What the task requires:
Please restate the data that follows word for word, with the pictures left out.

Dataset extract:

--- --- ---

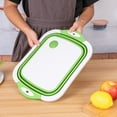 thumbnail image 6 of Seyotauo Collapsible Cutting Board, Foldable Dish Tub with Draining Hole, Portable Chopping Board with Colander, 3 in 1 Multifunction Camping Sink for Washing Dish, Bowl, Vegetables and Fruit, 6 of 6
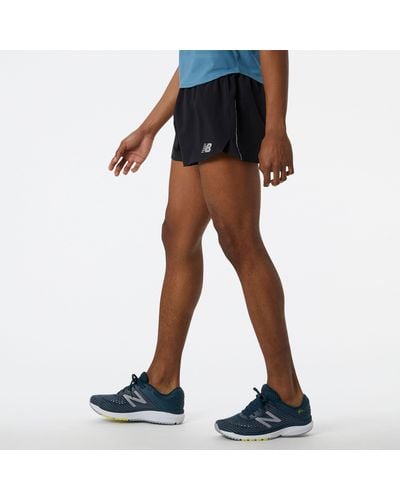 New Balance Impact run 3 inch split shorts - Blau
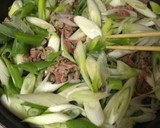 弁当に牛コマと長ネギ炒め〜(o˘◡˘o)作り方10写真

--- --- ---

Solution for this exercise:
 thumbnail image 6 of Seyotauo Collapsible Cutting Board, Foldable Dish Tub with Draining Hole, Portable Chopping Board with Colander, 3 in 1 Multifunction Camping Sink for Washing Dish, Bowl, Vegetables and Fruit, 6 of 6
 New Balance Impact run 3 inch split shorts - Blau
 弁当に牛コマと長ネギ炒め〜(o˘◡˘o)作り方10写真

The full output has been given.